Zucca wrote:Since you dug this topic up let's talk about this again with today's perspective.
K_Brown wrote:If the gentoo user is choosing to avoid systemd because of any reason, any systemd mandatory compatibility is an issue. Specially with flawed insecure designs like systemd's tmpfiles.

hadened-tmpfiles is deliberately not compatible with systemd-tmpfiles because of bad security design, It's a not fully compatible replacement.
I'd try it but If I need to manually edit many tmpfiles config files, I'll pass.
You don't need to manually edit many tmpfiles, hopefully none. Only the ones doing risky things could be broken, but in such case, it should be worh looking into it to understand why such specific tmpfiles is generating insecure conditions.

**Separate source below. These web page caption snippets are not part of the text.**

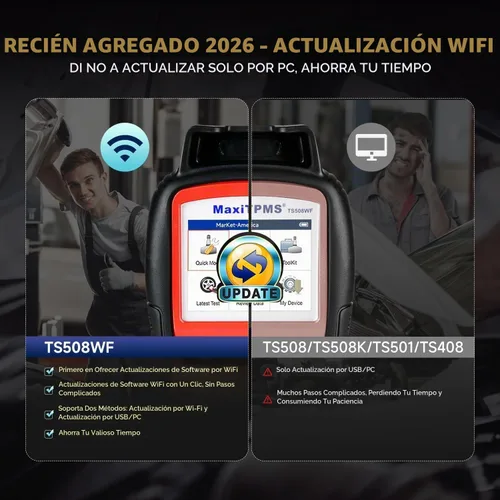 Vista 9 de Autel MaxiTPMS TS508WF TPMS Herramienta de reaprendizaje, activa
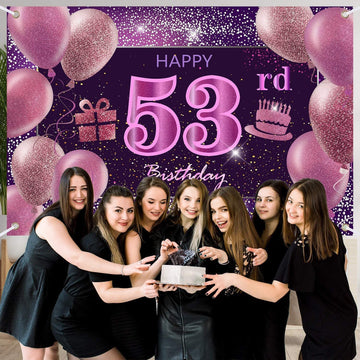 53Rd Birthday Decorations For Girls Happy Birthday Banner Pink Decorations For A Party Birthday Backdrop For Women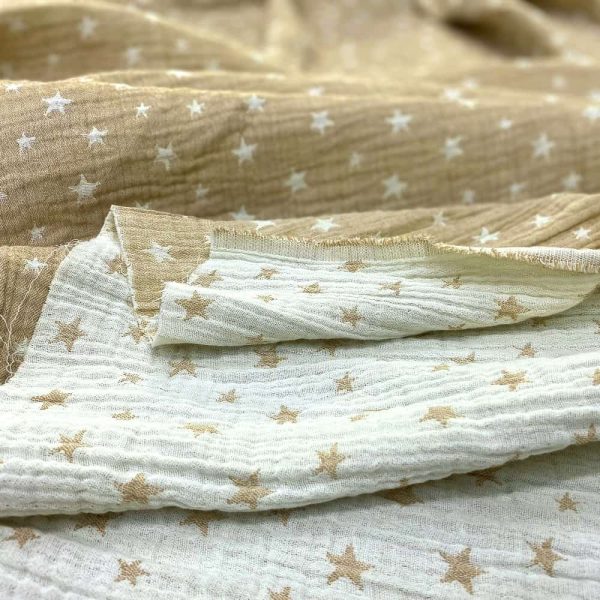 birlik1952 jakarlı 3 kat müslin three layer jaquard swaddle blanket baby crinkle krinkle muslin fabric cotton yıldız star sarı mustard
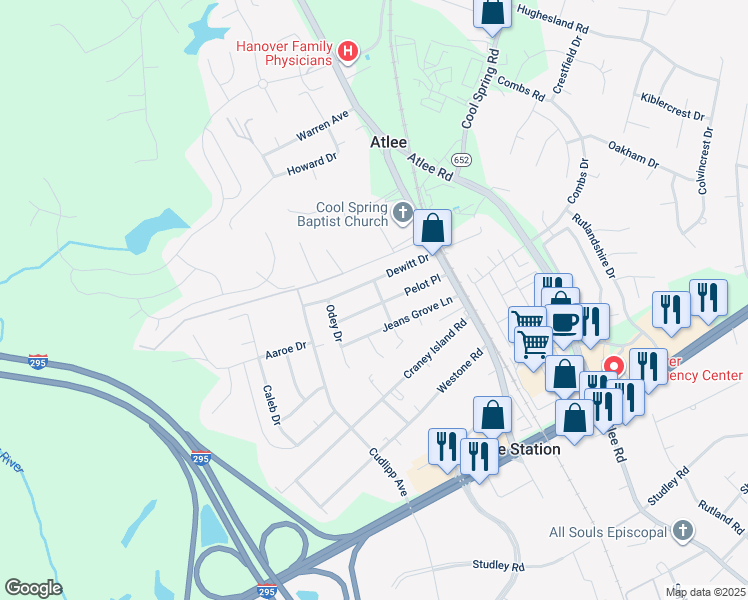 map of restaurants, bars, coffee shops, grocery stores, and more near 9191 Harvey Hollow Drive in Mechanicsville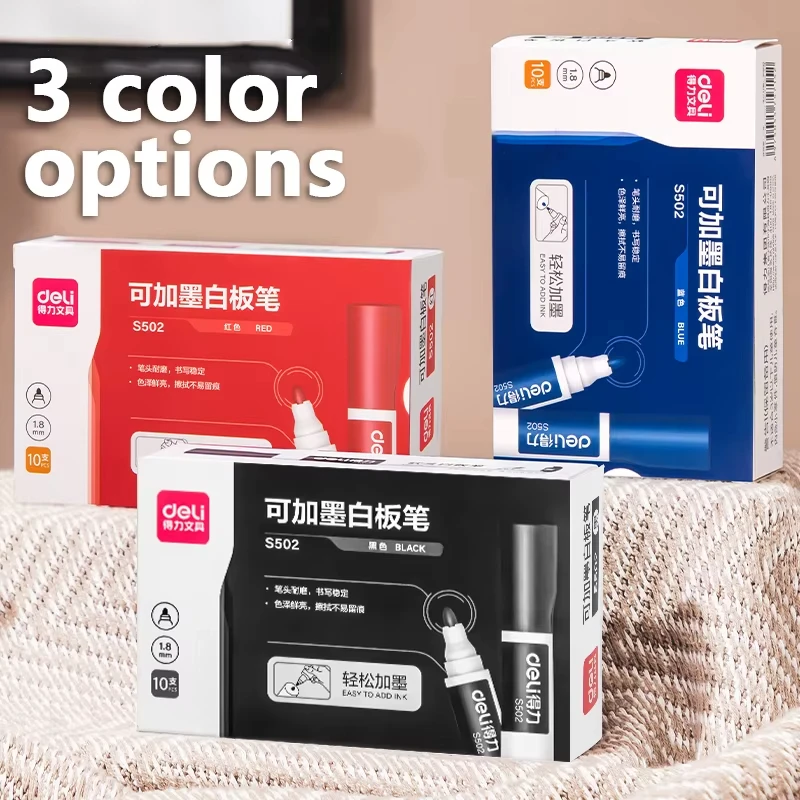 델리 편지지 지울 수있는 화이트 보드 마커 펜 사무실 마커 건조 지우기 블루 블랙 레드 10pcs 칠판 사무실 연구 용품
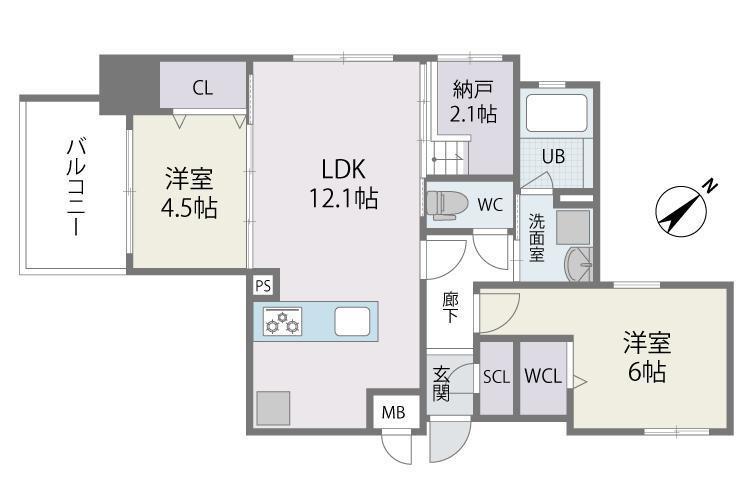 MODERN ASPIRATION 平尾駅前(2LDK/10階)の間取り写真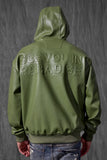 SEE YOU IN PARADISE VEGAN LEATHER HOODIE - 8560H - SAGE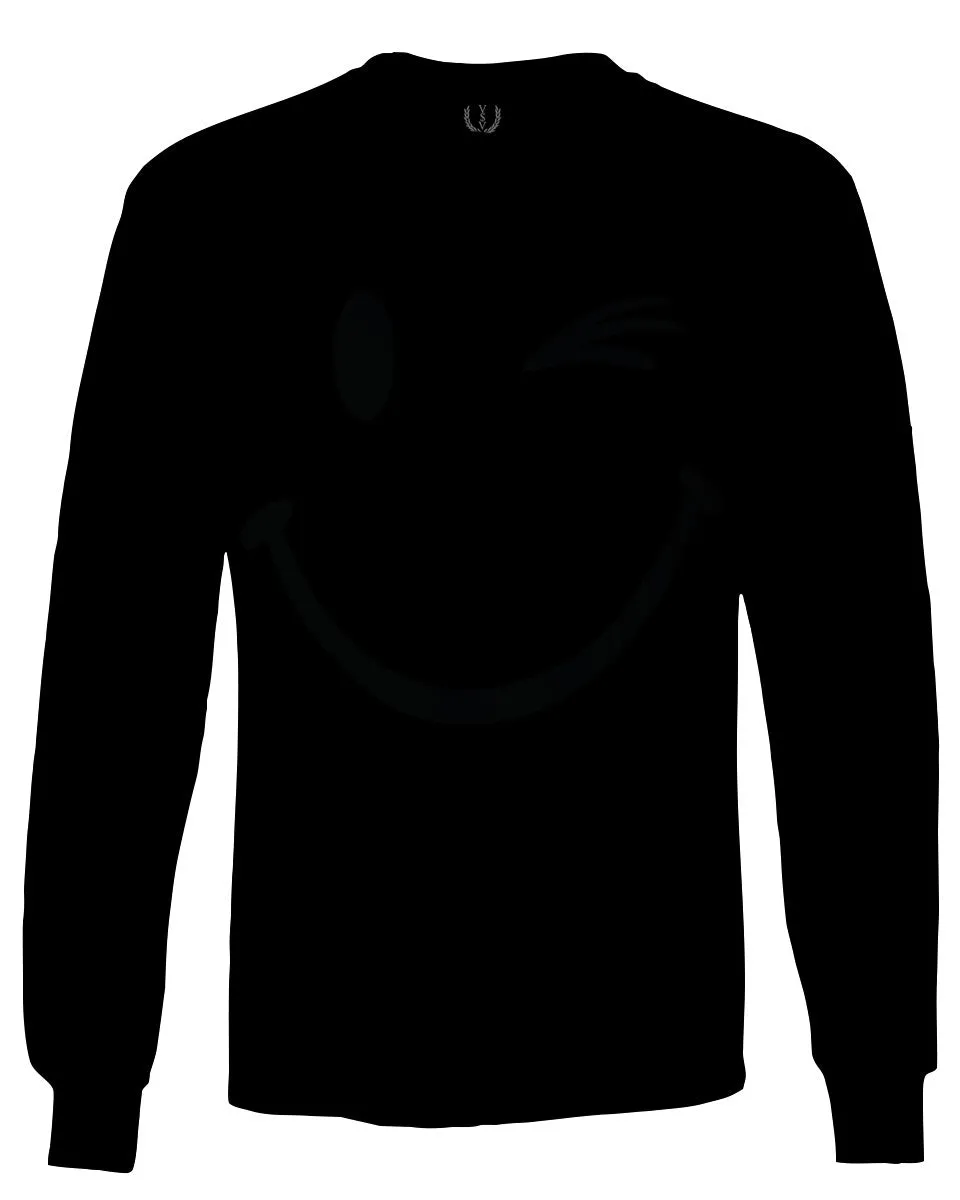 Cute Graphic Happy Funny Blink Smile Smiling face Positive mens Long sleeve t shirt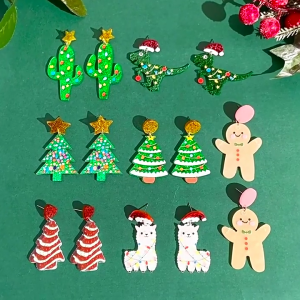 Christmas Cartoon Acrylic Drop Earrings Tree Alpacas Gingerbreads Man Dangle Earrings Party Gift for Women Girls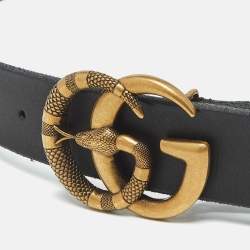 Pre Owned Gucci Black Leather Snake Double G Buckle Belt 100 CM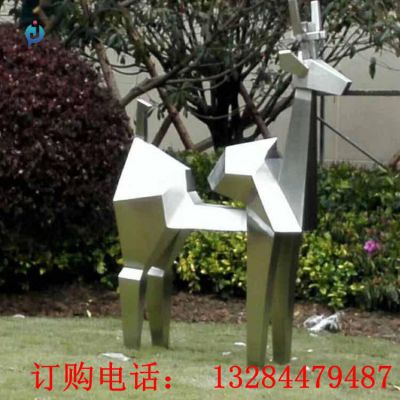 不锈钢几何鹿公园雕塑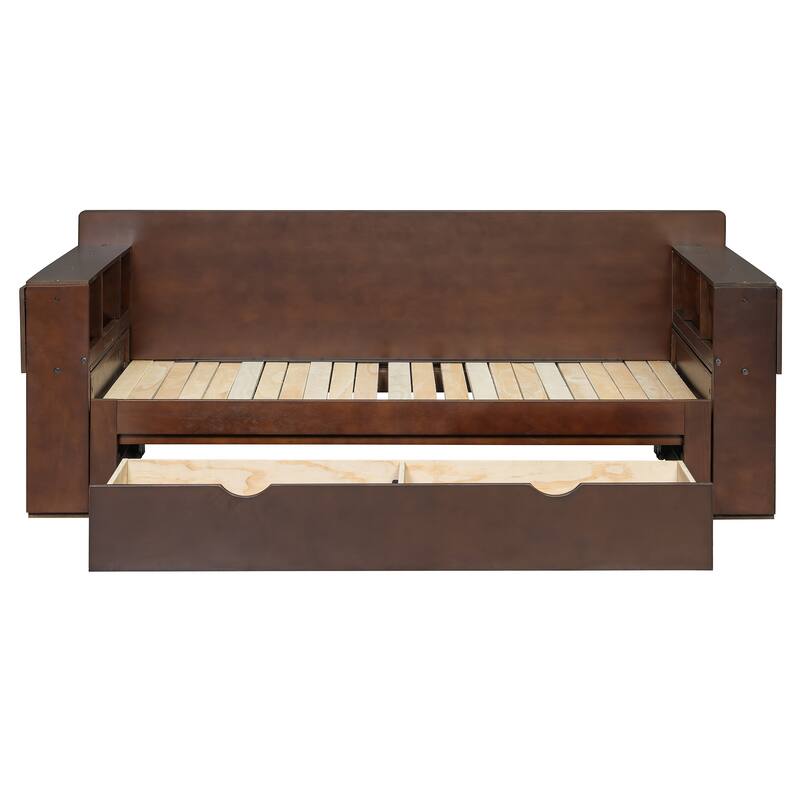 Full Size Daybed with Removable Desk, Storage Drawers & Hydraulic Side Table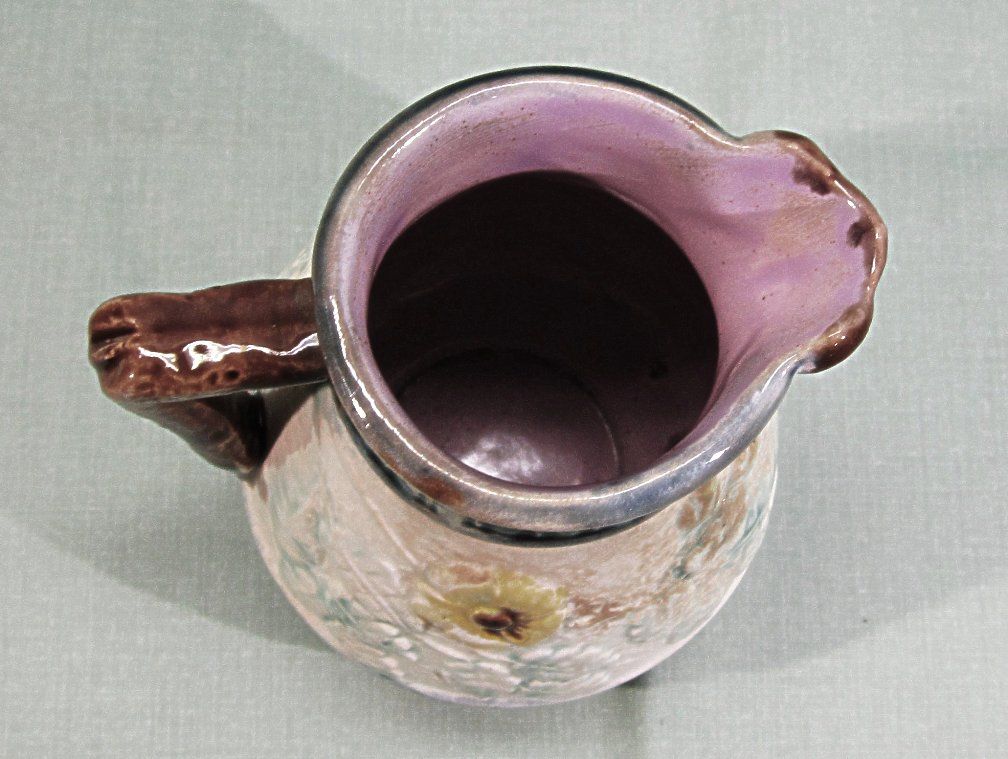 Majolica Pottery Pitcher Butterfly Lip Majolica Pottery Pitcher Butterfly Lip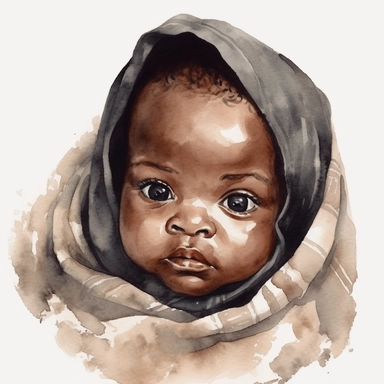 Watercolor cute new born black baby on a cute blanket, clipart, singel clipart, High resolution, beige color blanket, 8k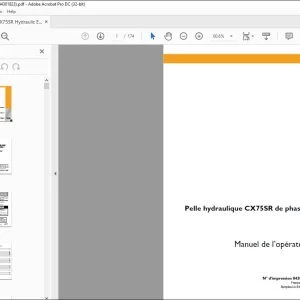 Case Pelle hydraulique CX75SR de phase 3 Manuel de l’opérateur 84301823 - PDF DOWNLOAD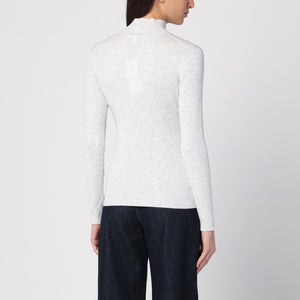 MAISON KITSUNÉ Light Grey Wool and Cotton Turtleneck Sweater for Women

Zucca wrote:But what's the flawed design part you talk about? Is it still here today?
It's still there. It allows for any package maintainer to to set wrong rules potentially damaging the system or creating unnecessary risk.
I am not thinking on package maintainers sabotaging on purpose, but trojaned pipelines have already happened in the past and wull continue happening. Nothing prevents an undetected trojaned pipeline to use tmpfiles' power to weaken the security or even provoke big damage on the system. Some checks on haredenedtmpfiles so prevent some kinds of security weakening or unwanted deletion, without breaking existing tmpfiles entries that only mess with their own files and paths.
Zucca wrote:I've been happily living with systemd-utils. Those utils are separate from systemd (the init system), so I haven't bothered to even try to change. Same appllies to udev (also comes from systemd-utils). I used eudev at some point, but my custom udev rules failed with eudev and it was impossible for me to get working with eudev.
You have been happily living in a comfort zone. I don't care about your live neither about your particular comfort cases.
What I care about is for the users who are a little more security concious and «better fail than corrupting», to have a choice. The choice to use a different tmpfiles other than systemd's.
Choice is already there, two years in UPSTREAM. There's no reason to keep refusing it, regardless of any comfort use cases where people are happily living in Candyland.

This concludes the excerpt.